Deploying Gemma 4 on Cloud Run: Pay Only When You Use It
Learn how to deploy Google's Gemma 4 on Cloud Run for cost-effective, scalable AI—pay only when you use it. Key features, deployment stack, and why it matters.
Deploying Gemma 4 on Cloud Run: Pay Only When You Use It
Google's Gemma 4 is a major leap in open-access AI models, offering four variants (from 2B to 31B parameters) with advanced features like multimodal input, improved reasoning, and efficient function calling. But the real game-changer is deploying Gemma 4 on Google Cloud Run—so you only pay for compute when the model is actually in use.
Why Cloud Run?
Cloud Run scales to zero when idle, meaning you’re not billed for unused resources. This is a huge improvement over always-on endpoints like Vertex AI Model Garden, where forgetting to shut down can lead to surprise bills. With Cloud Run, you can experiment, test, and even run production workloads with cost control and flexibility.
Gemma 4 Highlights
- Four Model Sizes: E2B, E4B (dense, 128k context), 26B A4B (MoE, 256k context), and 31B (dense, 256k context).
- Mixture of Experts (MoE): The 26B model activates only 4B parameters per token, offering near-26B performance at a fraction of the compute cost.
- Multimodal Input: Supports images, audio, and video as input, with text output. Small models can process video+audio; large models excel at image tasks.
- Advanced Reasoning & Function Calling: Handles complex, multi-step tasks and structured tool calls, making it ideal for agentic pipelines.
Deployment Stack
- vLLM: The recommended inference engine for production, supporting efficient batching, KV-cache sharing, and quantization.
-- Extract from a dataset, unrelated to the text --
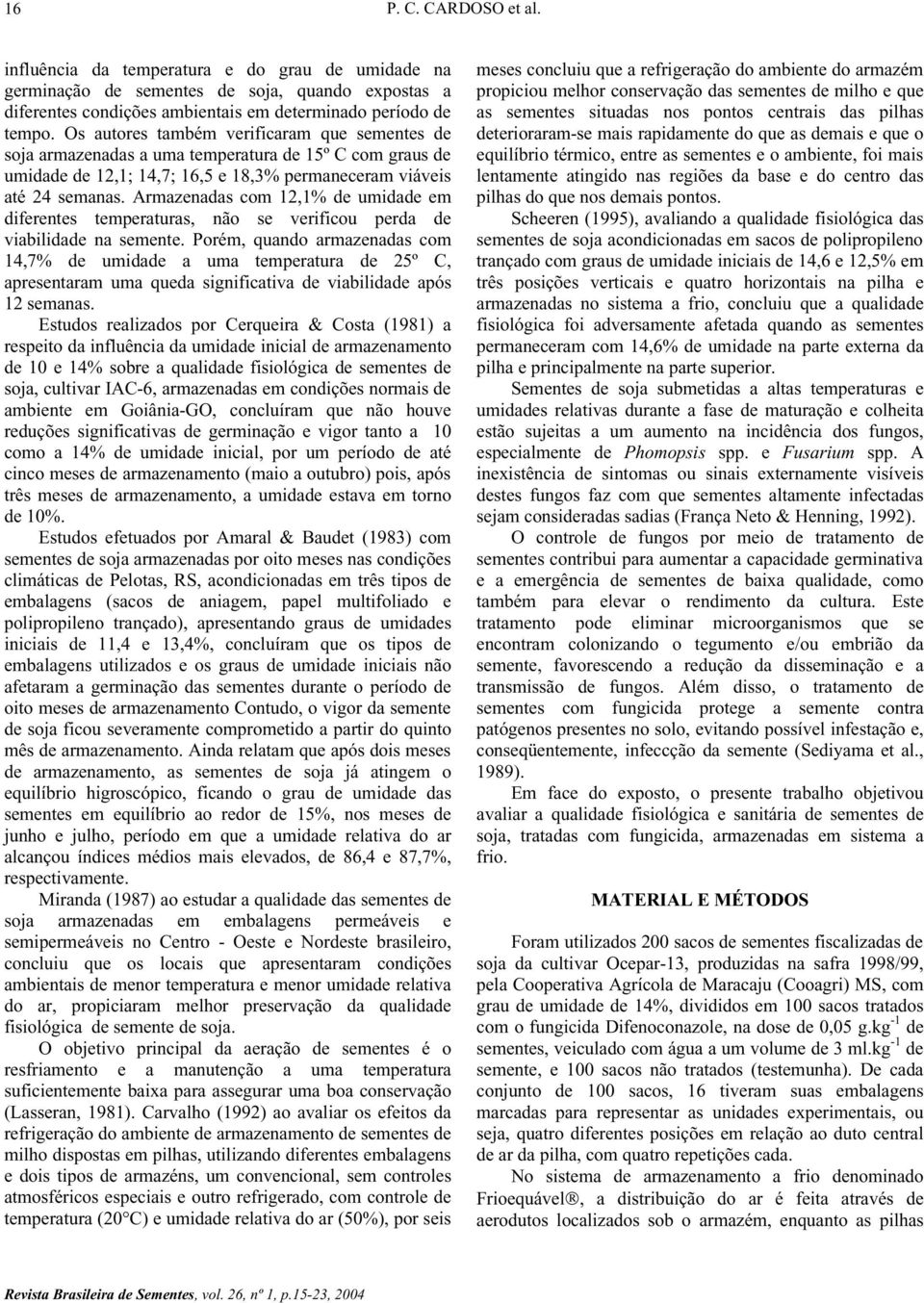 Armazenadas com 12,1% de umidade em diferentes temperaturas, não se verificou perda de viabilidade na semente.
- Run:ai Model Streamer: For large models, streams weights from Google Cloud Storage (GCS) during startup, enabling fast cold starts.
- Private Google Access: Critical for fast model loading from GCS—enables internal network speeds and slashes cold start times.
Cost and Performance
- Scale-to-Zero: No requests = no cost. Cold starts for large models (e.g., 26B) can be as low as 191 seconds with the right setup.
- Warm Responses: Once running, even the largest models respond in seconds (e.g., 1.61s for 26B MoE).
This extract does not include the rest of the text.